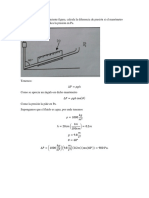 Ejemplos de Manometros Inclinados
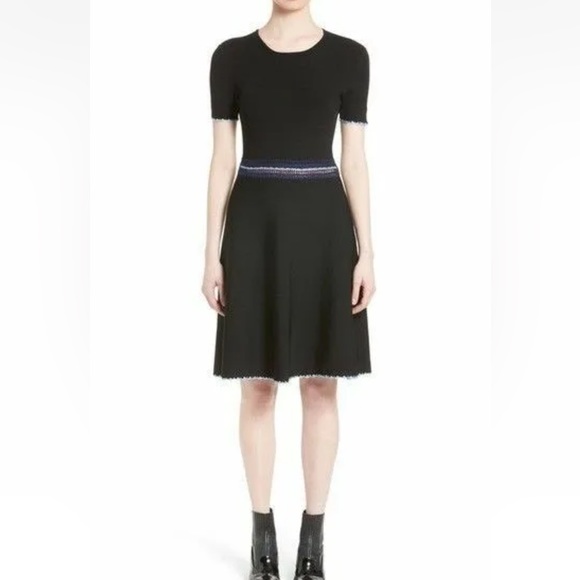 OPEN CEREMONY CUTOUT DRESS   NEW - Picture 4 of 15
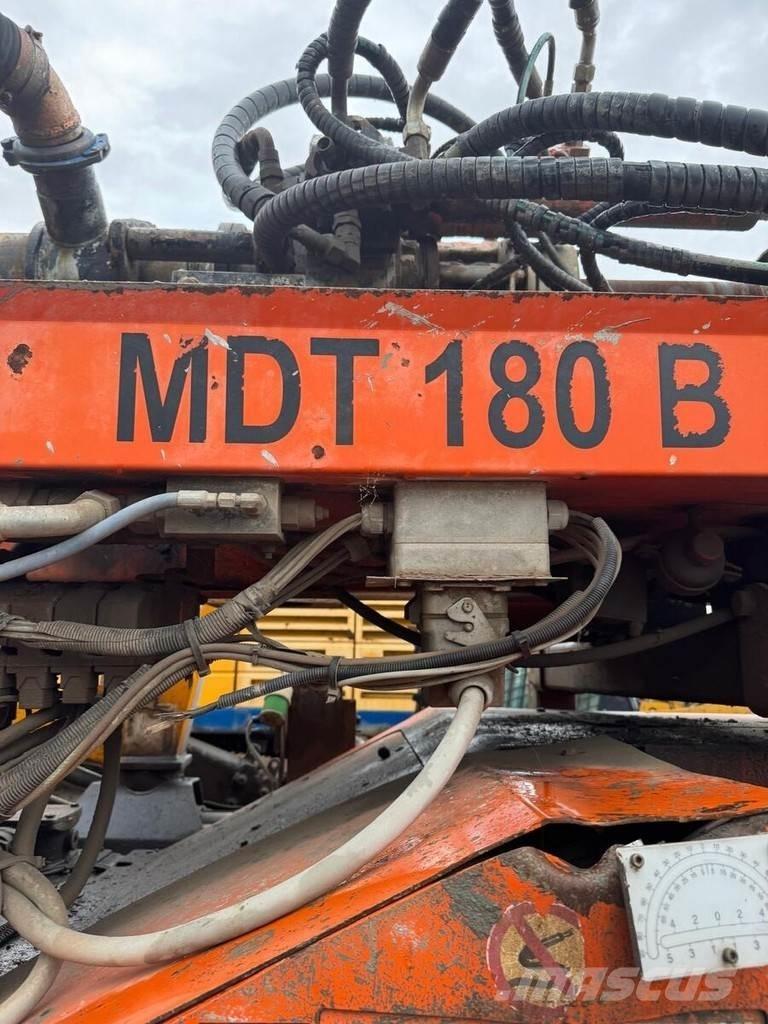  MDT 180 B Celtniecības urbji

PROBLEM TO WORK ON – The reply must hold every line above exactly as written and none of the pictures.

TASK SOLUTION –
 Ejemplos de Manometros Inclinados
 OPEN CEREMONY CUTOUT DRESS   NEW - Picture 4 of 15
  MDT 180 B Celtniecības urbji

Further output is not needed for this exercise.